Capítulo 22

22

Aquella noche, después de su visita al incompetente oficial, se acostó hasta pasadas las dos de la mañana como lo había estado haciendo desde unas semanas atrás desde que ocurrió el robo. En parte porque pensaba que aquellos pendejos volverían a robar, y por las malditas ganas incontenibles que tenía de orinar.
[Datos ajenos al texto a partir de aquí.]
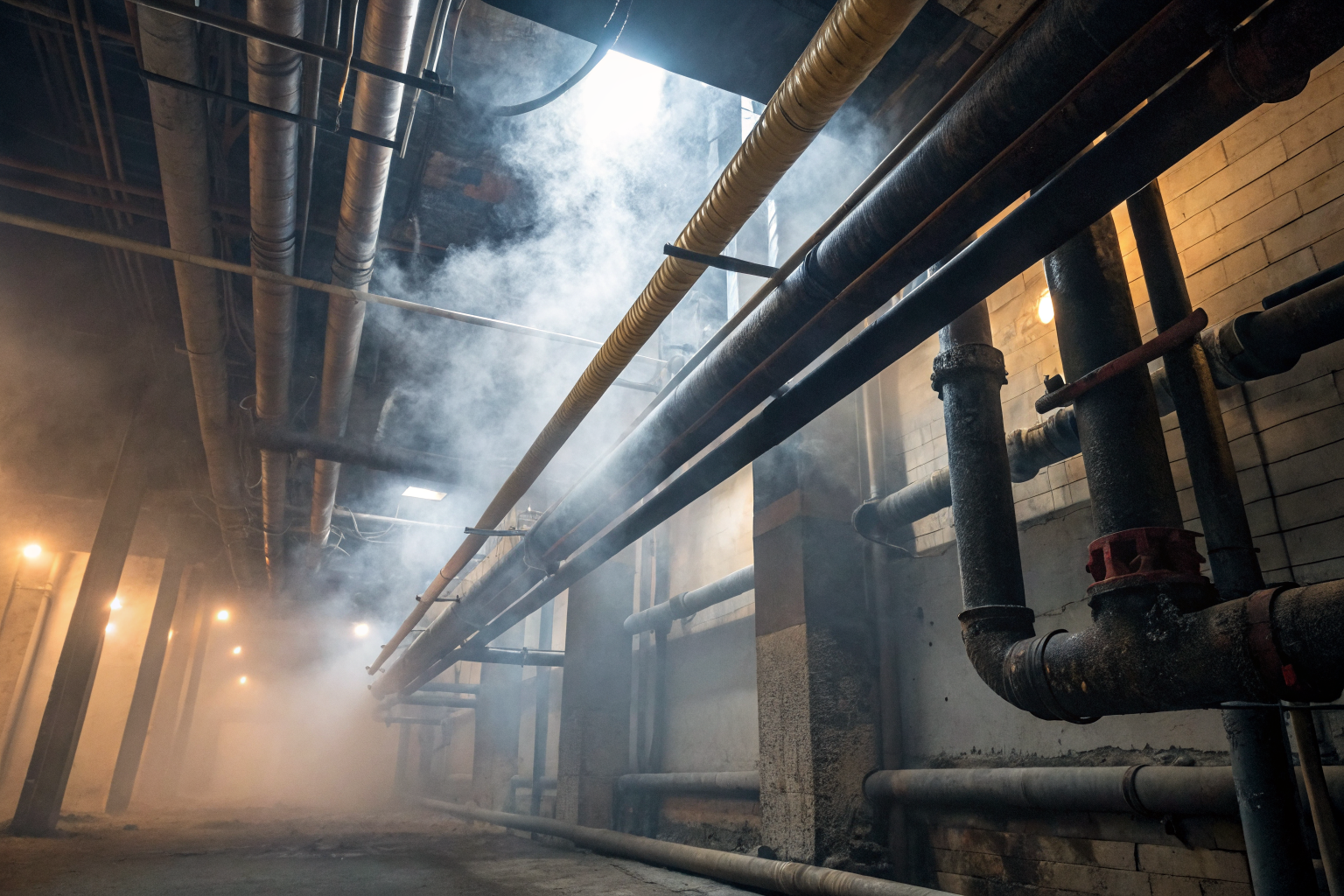 Pipes with FOG residue and a grease trap in operation, dramatic lighting.
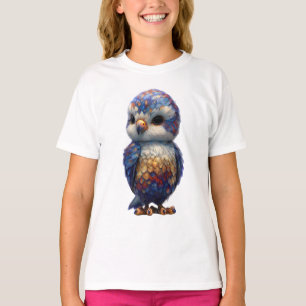 Levendige Mythologische Gevederde Uiltje Kinderen T-shirt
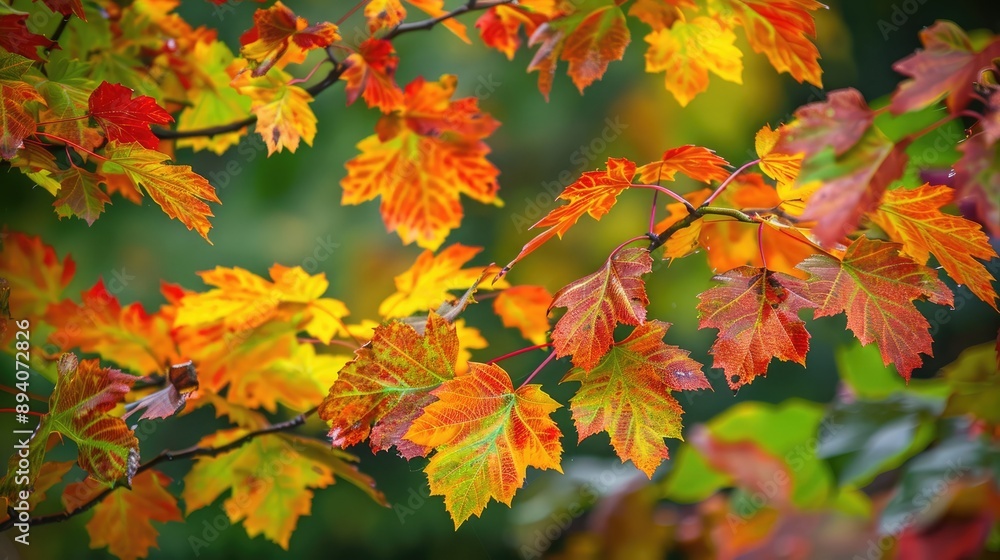 Poster Vibrant foliage, natural backdrop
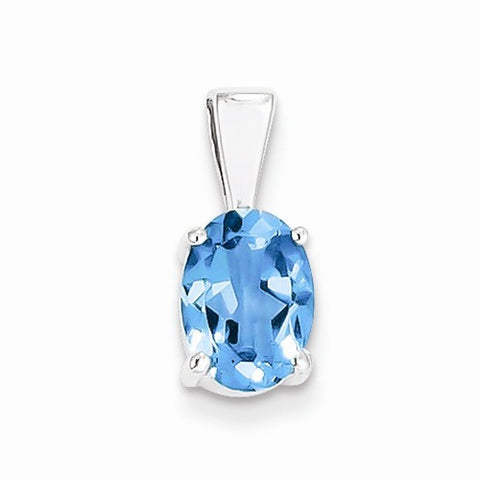 Sterling Silver Rhodium Light Swiss Blue Topaz pendant, Appealing Pendants for Necklace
Su esposa le había insistido, una y otra vez, que lo olvidara. Afirmaba que era más el daño que se hacía que el costo de las herramientas. Según ella, ya no tenía edad para andarse con esas preocupaciones ni para desvelarse. Gilberto, como era de esperarse, no respondía a sus quejas, y procuraba desviar el tema de conversación con el fin de no escuchar tales verdades, porque lo quisiera aceptar o no, la vejez era su realidad.

Revisó, por centésima vez en ese mes, el video de las cámaras de seguridad donde aparecían los sujetos que le robaron. Una vez más, como todas las anteriores, no obtuvo nada que le favoreciera. Los rostros apenas y se distinguían. Sus ropas eran oscuras, a excepción de una; el sujeto más alto y delgado llevaba un short largo y una playera blanca con una especie de dibujo en la parte frontal que no lograba diferenciar con exactitud lo que era.

Jodidas cámaras de mierda. Maldijo en voz baja.

Por fortuna, luego de ese incidente, había decidido cambiarlas por otras más modernas y de mejor calidad en la imagen. Solo era cuestión de esperar un par de semanas para que fueran a instalarlas. Mientras, no le quedaba más que maldecir y esperar a que no sucediera algo similar.

Cuando el reloj marcaba las dos de la mañana, sus parpados ya se cerraban a causa del cansancio. Decidió irse a dormir, pensando que por esa noche ya había tenido suficiente. Pero el sueño no le alcanzó en cama debido a un dolor agonizante en la próstata que lo obligó a doblarse estando acostado.

Tensó la mandíbula esperando a que pasara, pero tuvieron que disolverse un par de horas para que lo dejara en paz.

A la mañana siguiente se levantó a las siete. Tomaba café pegado al teléfono, esperando la jodida llamada que le notificara que se habían atrapado a los jodidos bastardos. Esto no sucedió, y cuando su esposa se despertó, a eso de las ocho de la mañana, le preparó unos huevos con chorizo.

Almorzaron en silencio (algo muy raro en Esther, ya que siempre hablaba al igual que un perico), puesto que el ánimo de Gilberto estaba por los suelos esas últimas semanas, en parte por su afección, también por el asunto del robo.

De tal manera se terminó ese día al igual que muchos otros. El odio fue creciendo en lugar de aminorar, y lo alimentó de maldiciones en contra del incompetente oficial de policía.

Varias veces atribuyó este imparable odio a los videos de seguridad, ya que sin duda sería más fácil olvidarlo si no los viera diariamente. Aun siendo consciente de esto, no le importó que la obsesión creciera al igual que su jodida próstata.